L’ancien maire de Montréal Denis Coderre avait pourtant annoncé, en novembre 2016, des coûts de 24,5 M$. C’est donc une différence d’environ 13 M$.

D’où provient l’écart ? Une porte-parole de la Ville évoque des « contraintes techniques du site et des recommandations d’experts liées aux orientations d’inclusion sociale et de transition écologique adoptées depuis l’arrivée de la nouvelle administration, en 2017 ». 

Le budget alloué aux contingences de design a également été bonifié, nous explique-t-on.

Le conseiller municipal de l’arron-dissement de LaSalle Richard Deschamps pense que cette hausse, comme celles d’autres projets de bibliothèque, peut aussi s’expliquer par la longueur des échéanciers. 

L’idée de rénover la bibliothèque L’Octogone planait dans les airs depuis les années 2000 et elle verra le jour en 2023, illustre-t-il.

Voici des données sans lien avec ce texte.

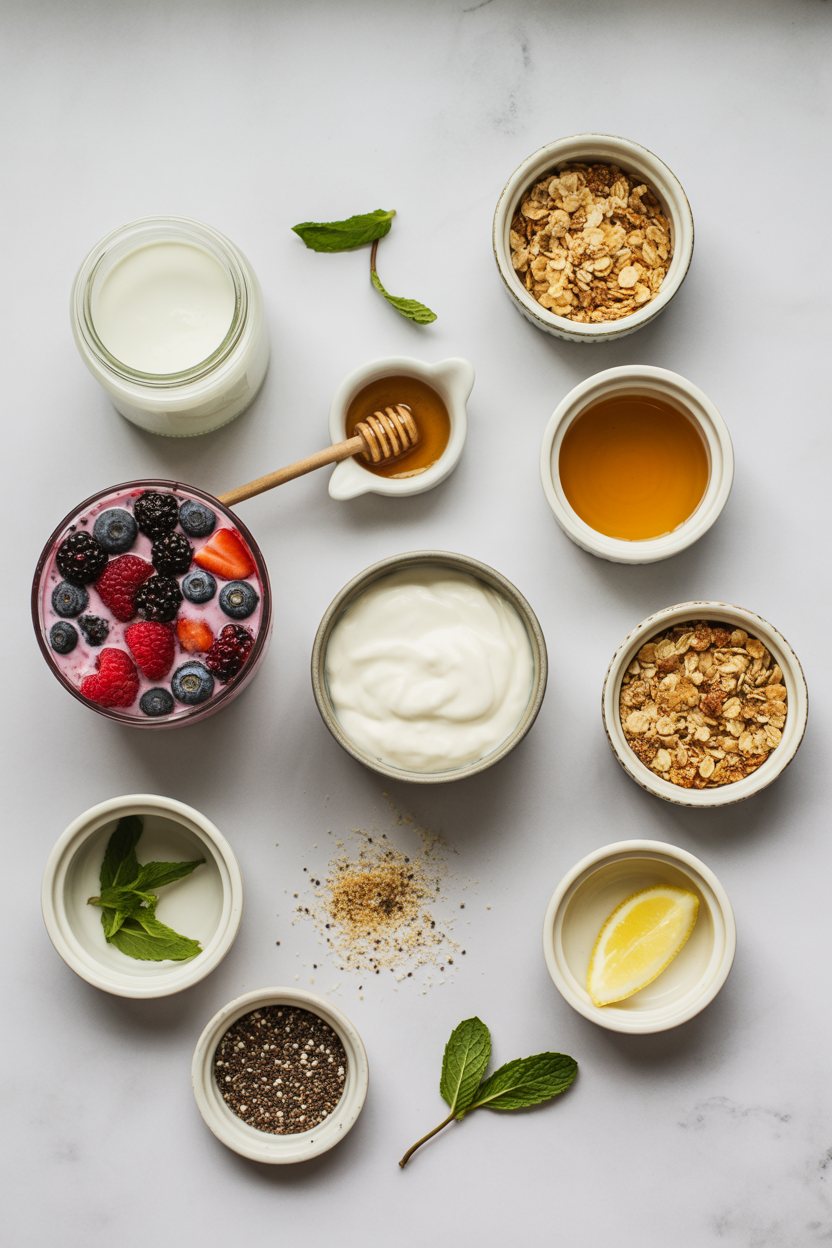 berry-yogurt-breakfast-parfait-jar ingredients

À ses yeux, le budget a été bien conçu. 

« On a revu les coûts tout au long du processus, on a tenté de les réduire au minimum tout en offrant un service de qualité aux citoyens et un édifice qui puisse vivre pendant 40-50 ans [...]. Le processus est déjà bien, mais il faut l’améliorer, il doit être plus efficace. »  

L’interarrondissement

La bibliothèque interarrondissement devrait voir le jour sur ce terrain vague, à l’intersection du boulevard Henri-Bourassa et de la rue Oscar, dans le quartier d’Ahuntsic-Cartierville.
Photo Marie-Lise Mormina
La bibliothèque interarrondissement devrait voir le jour sur ce terrain vague, à l’intersection du boulevard Henri-Bourassa et de la rue Oscar, dans le quartier d’Ahuntsic-Cartierville.
  • Arrondissement de Montréal-Nord et d’Ahuntsic-Cartierville 
  • De 22 M$ à 38,2 M$ 
  • Hausse de 73,6 %

Le projet en bref

C’est la première bibliothèque interarrondissement de l’île de Montréal. Prévue pour 2025, elle servira la population de l’est d’Ahuntsic et de l’ouest de Montréal--Nord. Le concours d’architecture sera lancé cette année.

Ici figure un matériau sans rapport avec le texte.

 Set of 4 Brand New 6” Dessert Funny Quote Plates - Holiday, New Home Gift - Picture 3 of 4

Pourquoi c’est plus cher ?

Lors du dévoilement du projet il y a cinq ans, il était question d’une facture d’environ 22 M$. Dans son dernier budget en novembre 2020, la Ville de Montréal a annoncé que le coût estimé était plutôt de 38,2 M$.

En entrevue, la mairesse de l’arrondissement d’Ahuntsic-Cartierville, Émilie Thuillier, affirme que diverses raisons peuvent expliquer la hausse des coûts de construction depuis 2015.

« Le premier facteur, c’est la précision de plus en plus grande de ce qu’on va mettre à l’intérieur, des différents équipements ainsi que des besoins en mètres carrés. » 

À titre d’exemple, il a été décidé que l’édifice comprendra un stationnement souterrain.

Par ailleurs, la Ville a dû trouver un lieu, l’acheter, procéder à une démolition et finalement décontaminer le sol, ce qui implique du temps et de l’argent, affirme-t-elle.

Pour expliquer la différence de 73,6 %, une porte-parole de la Ville a mentionné dans un courriel que « l’estimation de 2015 était basée sur un concept préliminaire ». 

Le nouveau budget a permis de bonifier le projet, notamment en ajoutant des équipements technologiques accessibles au public.